# [TASK BRIEF]
Restate word for word the lines of the records below, starting at the line that contains "promo_banner_32" and ending at the line that contains "[韩国漫画] 分组换换爱 剧情,女学生,巨乳大奶#[134P]-57", with both of those lines included and nothing else.

# [SUPPLIED ENTRIES]
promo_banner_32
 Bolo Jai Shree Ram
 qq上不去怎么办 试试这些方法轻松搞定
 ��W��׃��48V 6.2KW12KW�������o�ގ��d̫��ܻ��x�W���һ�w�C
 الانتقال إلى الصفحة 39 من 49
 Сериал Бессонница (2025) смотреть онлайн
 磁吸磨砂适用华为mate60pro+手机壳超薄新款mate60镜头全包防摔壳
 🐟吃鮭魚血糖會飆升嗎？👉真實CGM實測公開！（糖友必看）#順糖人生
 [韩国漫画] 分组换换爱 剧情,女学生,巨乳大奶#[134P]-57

---

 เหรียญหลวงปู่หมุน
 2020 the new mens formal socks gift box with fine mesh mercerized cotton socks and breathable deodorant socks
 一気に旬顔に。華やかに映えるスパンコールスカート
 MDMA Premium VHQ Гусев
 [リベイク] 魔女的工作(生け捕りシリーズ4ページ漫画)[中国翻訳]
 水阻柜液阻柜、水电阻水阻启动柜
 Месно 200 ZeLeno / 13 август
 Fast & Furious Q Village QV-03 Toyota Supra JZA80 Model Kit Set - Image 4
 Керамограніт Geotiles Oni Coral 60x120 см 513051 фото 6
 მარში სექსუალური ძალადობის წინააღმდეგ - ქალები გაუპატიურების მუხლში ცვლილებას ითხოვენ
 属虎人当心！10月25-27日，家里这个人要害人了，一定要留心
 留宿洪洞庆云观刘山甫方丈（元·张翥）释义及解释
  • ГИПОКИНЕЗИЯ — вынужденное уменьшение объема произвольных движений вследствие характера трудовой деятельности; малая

--

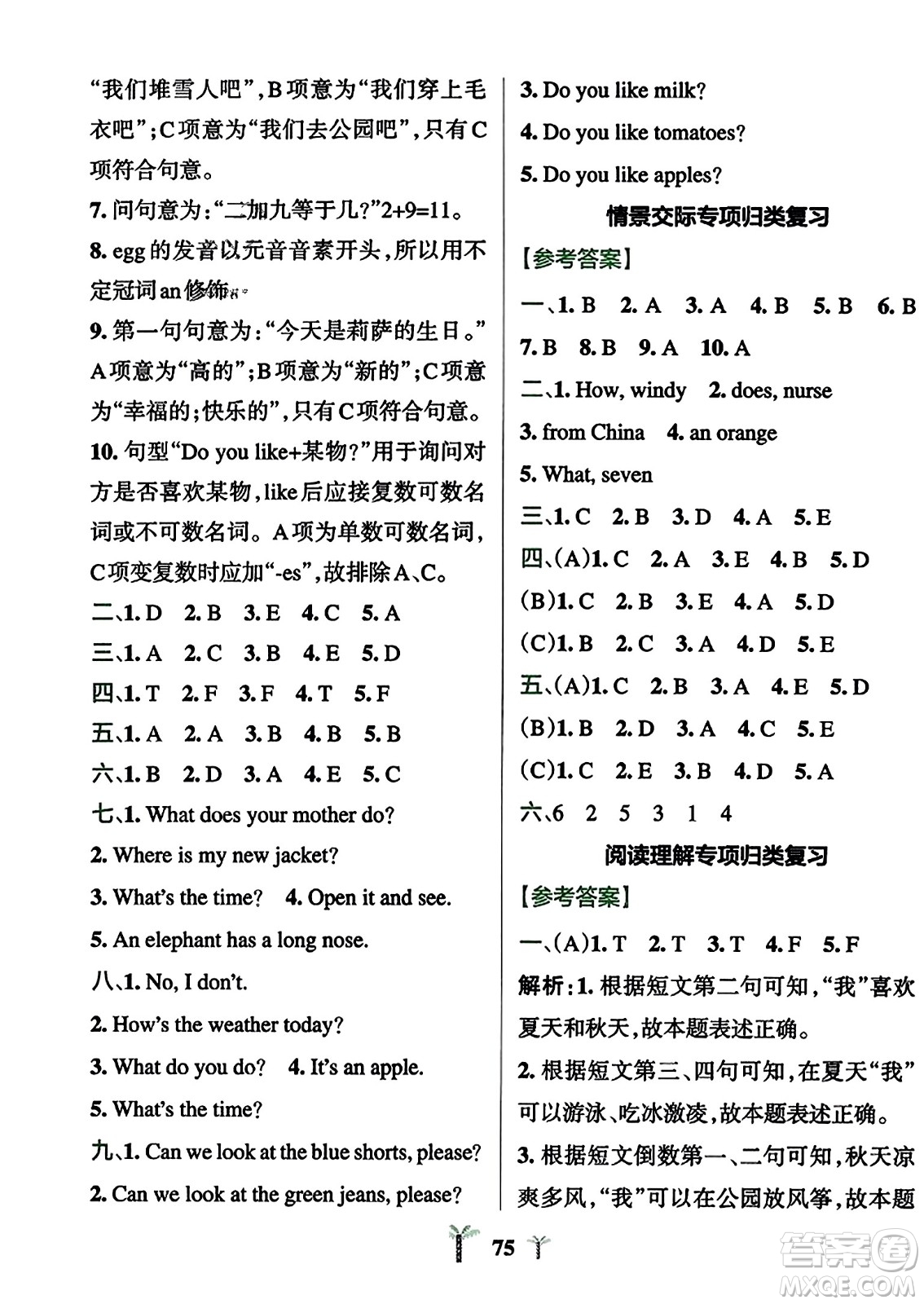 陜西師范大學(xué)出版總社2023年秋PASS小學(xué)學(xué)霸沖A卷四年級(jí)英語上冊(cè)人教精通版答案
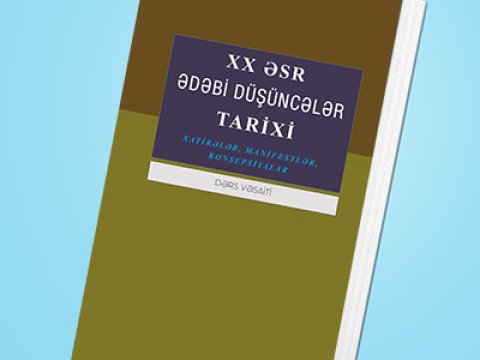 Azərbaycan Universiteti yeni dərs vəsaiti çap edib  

# [YOUR SOLUTION]
promo_banner_32
 Bolo Jai Shree Ram
 qq上不去怎么办 试试这些方法轻松搞定
 ��W��׃��48V 6.2KW12KW�������o�ގ��d̫��ܻ��x�W���һ�w�C
 الانتقال إلى الصفحة 39 من 49
 Сериал Бессонница (2025) смотреть онлайн
 磁吸磨砂适用华为mate60pro+手机壳超薄新款mate60镜头全包防摔壳
 🐟吃鮭魚血糖會飆升嗎？👉真實CGM實測公開！（糖友必看）#順糖人生
 [韩国漫画] 分组换换爱 剧情,女学生,巨乳大奶#[134P]-57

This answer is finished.